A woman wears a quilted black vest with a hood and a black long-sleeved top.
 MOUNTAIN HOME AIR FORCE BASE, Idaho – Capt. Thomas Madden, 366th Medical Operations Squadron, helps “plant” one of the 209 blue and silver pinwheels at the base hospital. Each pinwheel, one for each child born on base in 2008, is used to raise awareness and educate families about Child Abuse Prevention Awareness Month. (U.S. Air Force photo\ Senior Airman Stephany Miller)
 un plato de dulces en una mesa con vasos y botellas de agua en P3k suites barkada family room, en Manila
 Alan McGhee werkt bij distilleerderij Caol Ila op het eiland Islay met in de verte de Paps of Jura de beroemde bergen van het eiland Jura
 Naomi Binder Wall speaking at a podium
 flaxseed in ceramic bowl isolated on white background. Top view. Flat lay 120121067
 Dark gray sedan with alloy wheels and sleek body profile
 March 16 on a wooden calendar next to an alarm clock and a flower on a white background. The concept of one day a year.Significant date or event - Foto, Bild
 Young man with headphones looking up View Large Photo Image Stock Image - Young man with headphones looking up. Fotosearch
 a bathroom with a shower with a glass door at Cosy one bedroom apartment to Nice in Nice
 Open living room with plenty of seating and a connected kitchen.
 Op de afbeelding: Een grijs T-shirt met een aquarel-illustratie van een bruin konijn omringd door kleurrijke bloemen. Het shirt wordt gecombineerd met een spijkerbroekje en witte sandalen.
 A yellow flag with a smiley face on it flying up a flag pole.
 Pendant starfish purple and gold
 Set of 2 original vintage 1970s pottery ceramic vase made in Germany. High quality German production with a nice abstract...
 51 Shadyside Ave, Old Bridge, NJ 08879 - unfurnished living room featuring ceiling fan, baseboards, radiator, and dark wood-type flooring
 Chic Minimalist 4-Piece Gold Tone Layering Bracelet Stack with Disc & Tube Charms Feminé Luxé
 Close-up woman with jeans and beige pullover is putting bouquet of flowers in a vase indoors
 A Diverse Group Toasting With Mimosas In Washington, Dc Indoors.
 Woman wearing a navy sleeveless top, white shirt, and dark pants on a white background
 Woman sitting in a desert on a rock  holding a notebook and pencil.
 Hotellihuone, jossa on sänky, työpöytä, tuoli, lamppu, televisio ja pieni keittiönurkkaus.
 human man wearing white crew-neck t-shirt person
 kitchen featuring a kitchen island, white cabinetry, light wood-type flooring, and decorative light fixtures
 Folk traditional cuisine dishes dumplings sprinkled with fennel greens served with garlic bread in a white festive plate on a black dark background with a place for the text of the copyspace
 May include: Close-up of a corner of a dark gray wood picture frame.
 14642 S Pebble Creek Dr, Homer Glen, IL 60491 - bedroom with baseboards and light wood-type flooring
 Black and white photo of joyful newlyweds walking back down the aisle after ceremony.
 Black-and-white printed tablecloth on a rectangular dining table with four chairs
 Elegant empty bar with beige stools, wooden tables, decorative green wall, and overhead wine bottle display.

→ **Task instructions**:
All that should be written out is the stretch of lines above between the one holding "kitchen featuring a" and the one holding "Folk traditional cuisine", inclusive, exactly as given.

→ **Result of the task**:
 kitchen featuring a kitchen island, white cabinetry, light wood-type flooring, and decorative light fixtures
 Folk traditional cuisine dishes dumplings sprinkled with fennel greens served with garlic bread in a white festive plate on a black dark background with a place for the text of the copyspace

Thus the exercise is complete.